━━ Records for this exercise ━━

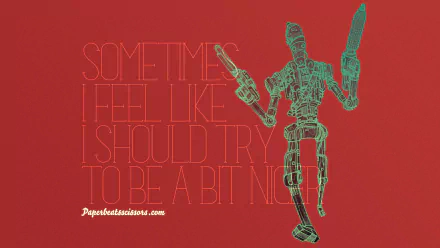 funny Star Wars HD Desktop Wallpaper | Background Image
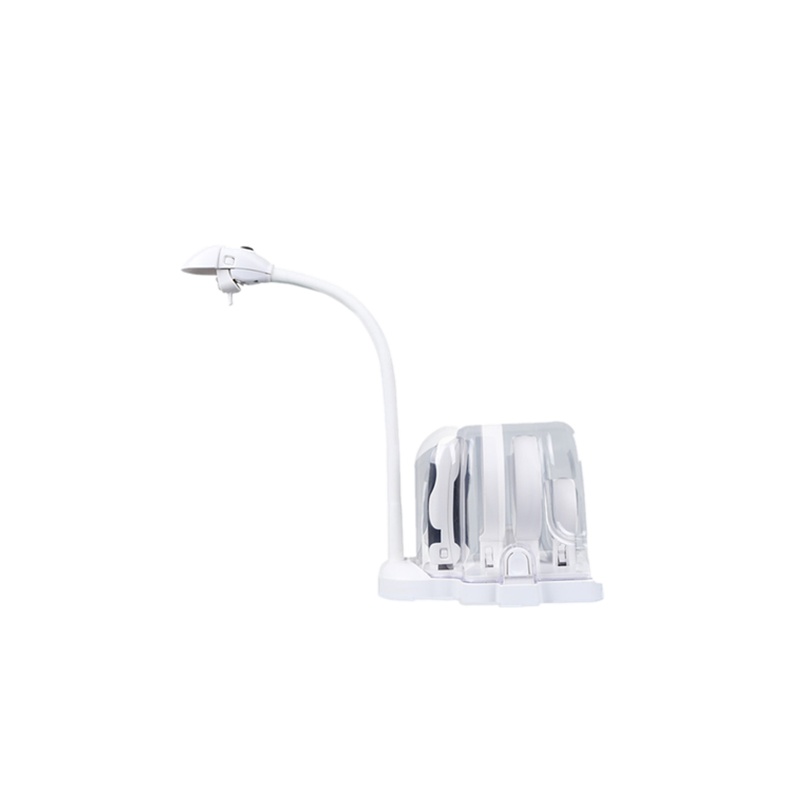 OUJIN新款高清光学LED灯阅读3种倍率台式手持互换多功能创高倍高清放大镜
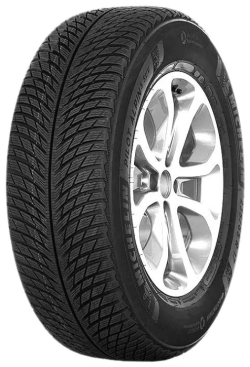 Шины Michelin Pilot Alpin 5 SUV 295/40 R20 110V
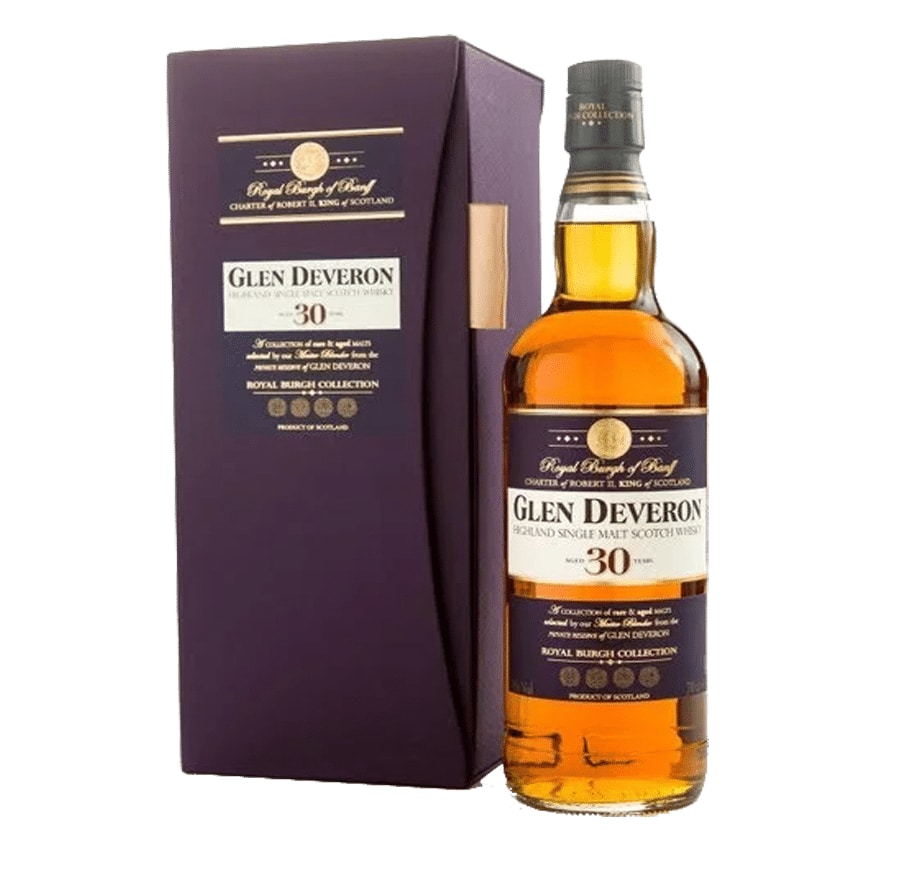 Glen Deveron 30 Year Old 70cl - Image 1
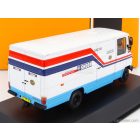 IXO Mercedes 508D VAN SKODA RALLY ASSISTANCE 1984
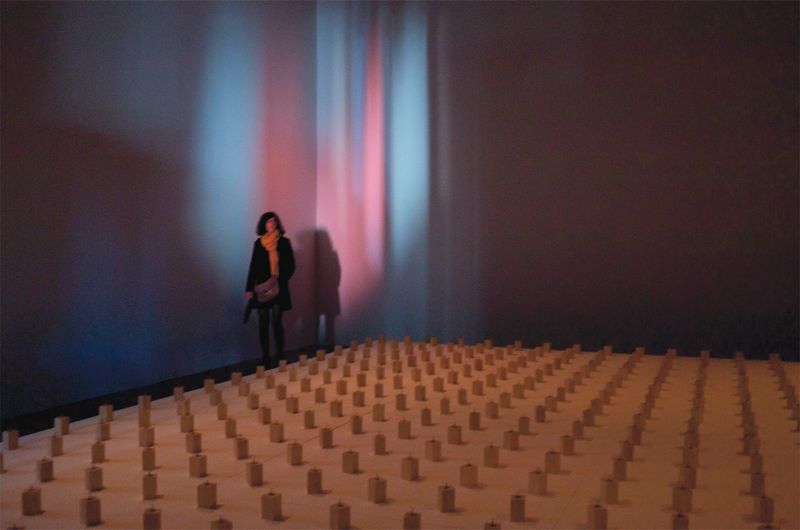 © GERARD DI LUCCIO - Image from the The dialectic in contemporary art photography project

━━━

_Task details_. Write out all of the records above. Keep them exact and leave out the pictures.

_Written solution_.
 funny Star Wars HD Desktop Wallpaper | Background Image
 OUJIN新款高清光学LED灯阅读3种倍率台式手持互换多功能创高倍高清放大镜
 Шины Michelin Pilot Alpin 5 SUV 295/40 R20 110V
 Glen Deveron 30 Year Old 70cl - Image 1
 IXO Mercedes 508D VAN SKODA RALLY ASSISTANCE 1984
 © GERARD DI LUCCIO - Image from the The dialectic in contemporary art photography project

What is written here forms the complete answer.